On Facebook, a member of the Delphi Group posted a question, asking if there were any benchmarks comparing RAD studio with other middleware frameworks.
One of the respondents replied with a link to a recently created benchmark framework found on Github, which include a number of function compatible HTTP servers written using different frameworks, and a test client framework written in Node.js, which is seemingly able to performance test the various HTTP servers in two different modes (blank and work) and with 1, 100 and 10000 concurrent connections.
The test framework can be found here: https://github.com/d-mozulyov/NetBenchmarks
It contains a number of precompiled HTTP servers that can be tested
- Indy.HTTP.exe (64 bit Delphi, based on Indy HTTP server)
- IndyPool.HTTP.exe (64 bit Delphi, variant based on Indy HTTP server)
- TMSSparkle.HTTP.exe (64 bit Delphi, based on TMS Sparkle)
- RealThinClient.HTTP (64 bit Delphi, based on RTC)
- Synopse.HTTP (64 bit Delphi, based on Synopse/Mormot)

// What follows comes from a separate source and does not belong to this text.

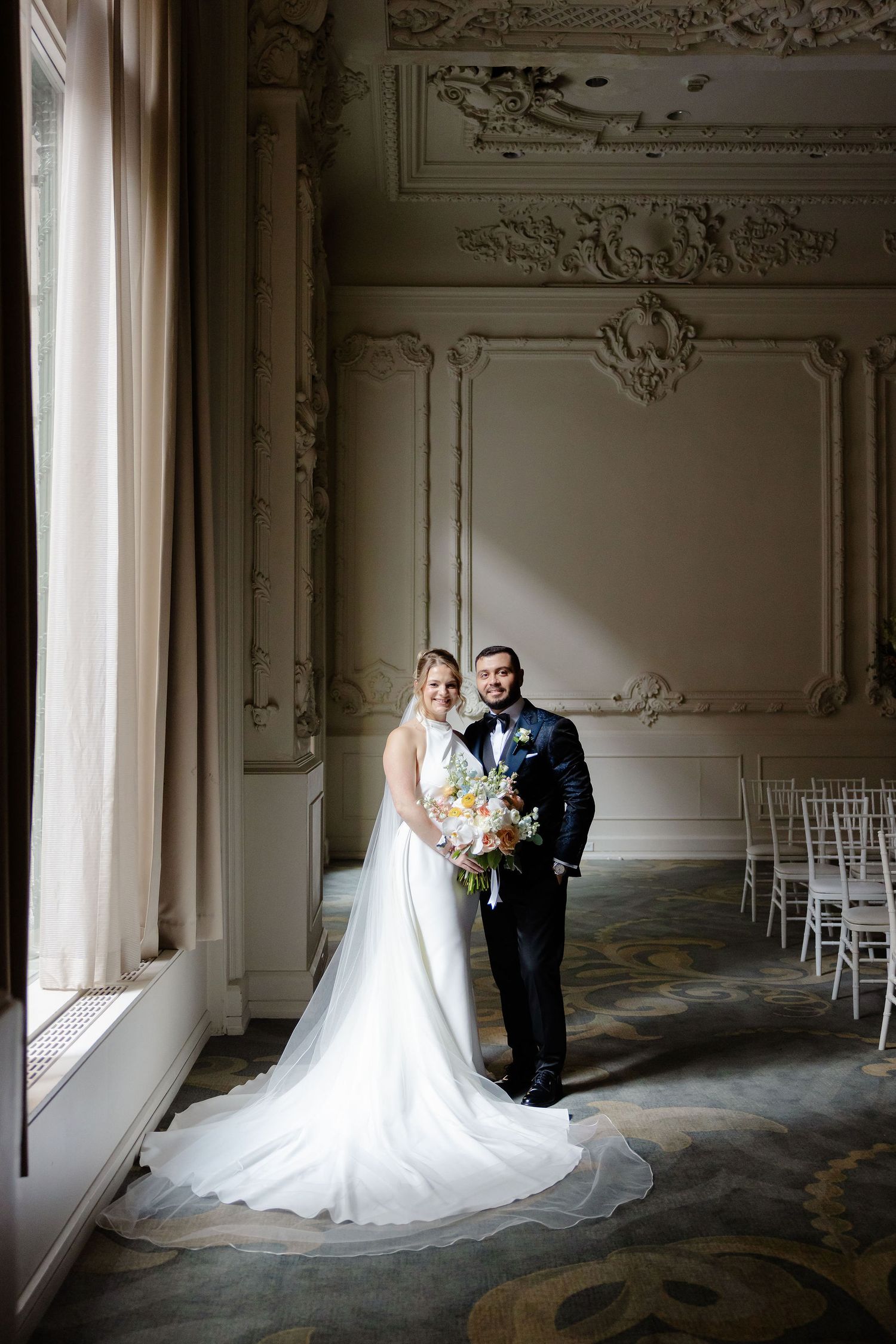 Elegant wedding portraits in an ornate room with decorative moldings and natural window light.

- Node.HTTP (Node.js based)
- Golang.HTTP (Golang based)
Core source is available for all of them, which do not include the 3rdparty libraries. However having the executables makes it possible to benchmark them on various equipment which is fine. And having the source provides insight into what is actually being benchmarked, which is also good.

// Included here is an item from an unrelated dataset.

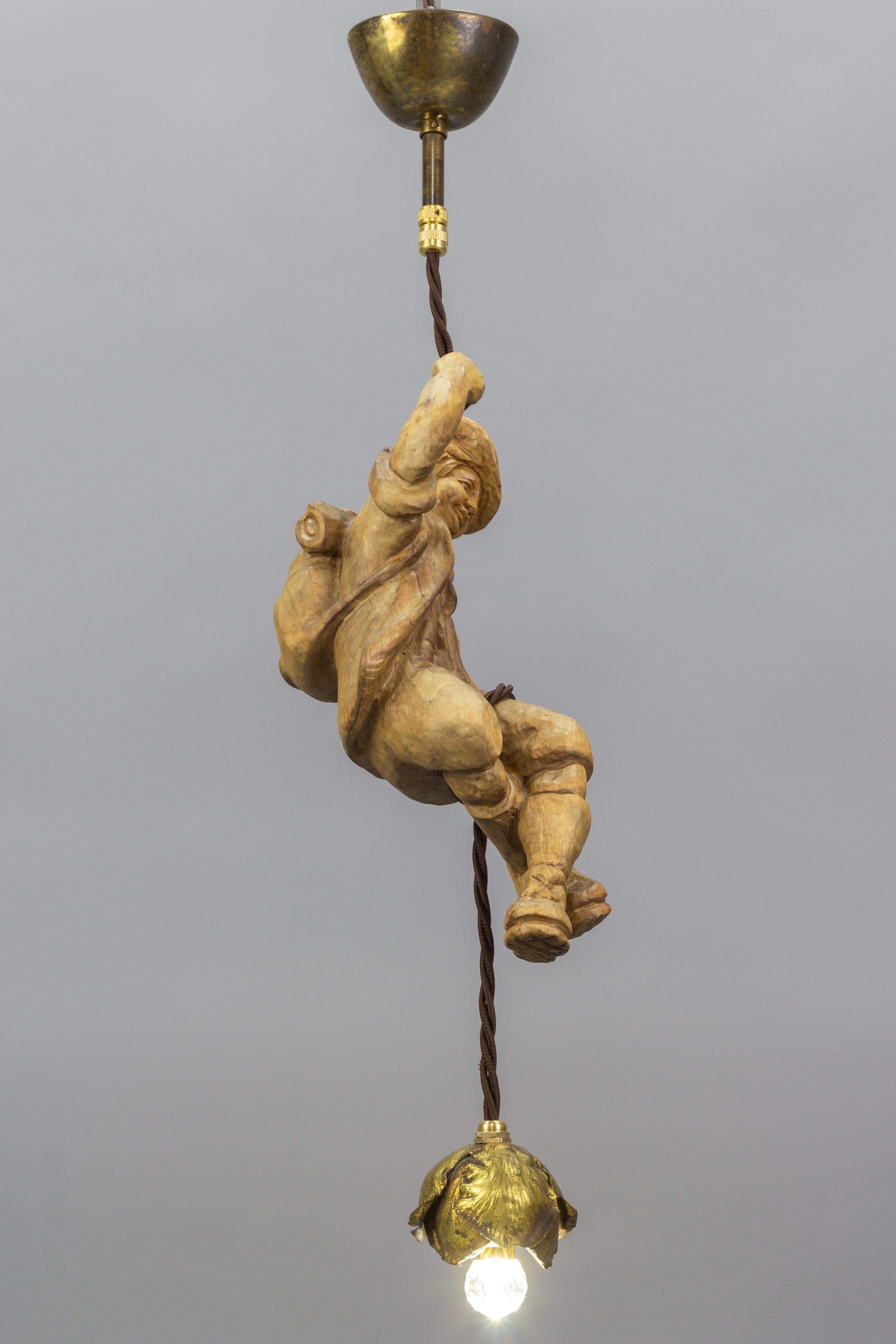 Mid-20th Century Hanging Brass Light Fixture with a Wooden Figure of a Mountain Climber For Sale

Further the source makes it possible to create other precompiled HTTP servers using other frameworks, for example kbmMW. So obviously that had to happen 🙂
So we can add:
- kbmMW.HTTP (64 bit Delphi, based on kbmMW)
to the list. Source and precompiled executable can be downloaded here.
From the outset all servers provide a HTTP web interface running on port 1234. Depending on if the server application is started with a parameter of 1 or not, it will run in Work or in Blank mode.
- Work mode accepts a JSON document provided by the benchmark client, and returns another JSON document to the client.
- Blank mode simply returns the text ‘OK’.
After installing Node.js from https://nodejs.org/en/download/ and having downloaded and extracted the NetBenchmarks toolset from GitHub, it is possible to run the benchmark.
I ran the benchmark on my sturdy AMD Zen 1 1950x having 16 cores able to run 32 thread typically at 3.6Ghz, 32GB RAM, some heavy lifting NVidia Titan V graphics cards, and a combination of HDD and M.2 SSD drives.
The machine is used for many other things, and as such the benchmark results will vary with each run, depending on other load on the machine, although I have tried to minimize it. But roughly 15% of the combined CPU time of all the cores were in use with background operations.
Further the absolute numbers will look way different if run on other equipment and CPU architecture.
Benchmarking is difficult, and the best benchmark is to run an application with the real features on the actual real production hardware. Only there you will find the true performance of that particular combination.
Things that can offset or skew a benchmark significantly is the benchmarking software itself. It is coded in a certain way, with certain assumptions, and will thus only benchmark that particular way of coding, which may or may not actually say anything about the true performance of the tested servers. I will get more into that in a bit.
However let us run it anyway. Benchmarking is funny.
Running the NetBenchmarks benchmark
It is as simple as running this bat file: benchmark.HTTP.bat
It will in turn make 6 tests on each of the HTTP servers, 1 connection Blank, 1 connection Work, 100 connections Blank, 100 connections Work, 10000 connections Blank, 10000 connections Work.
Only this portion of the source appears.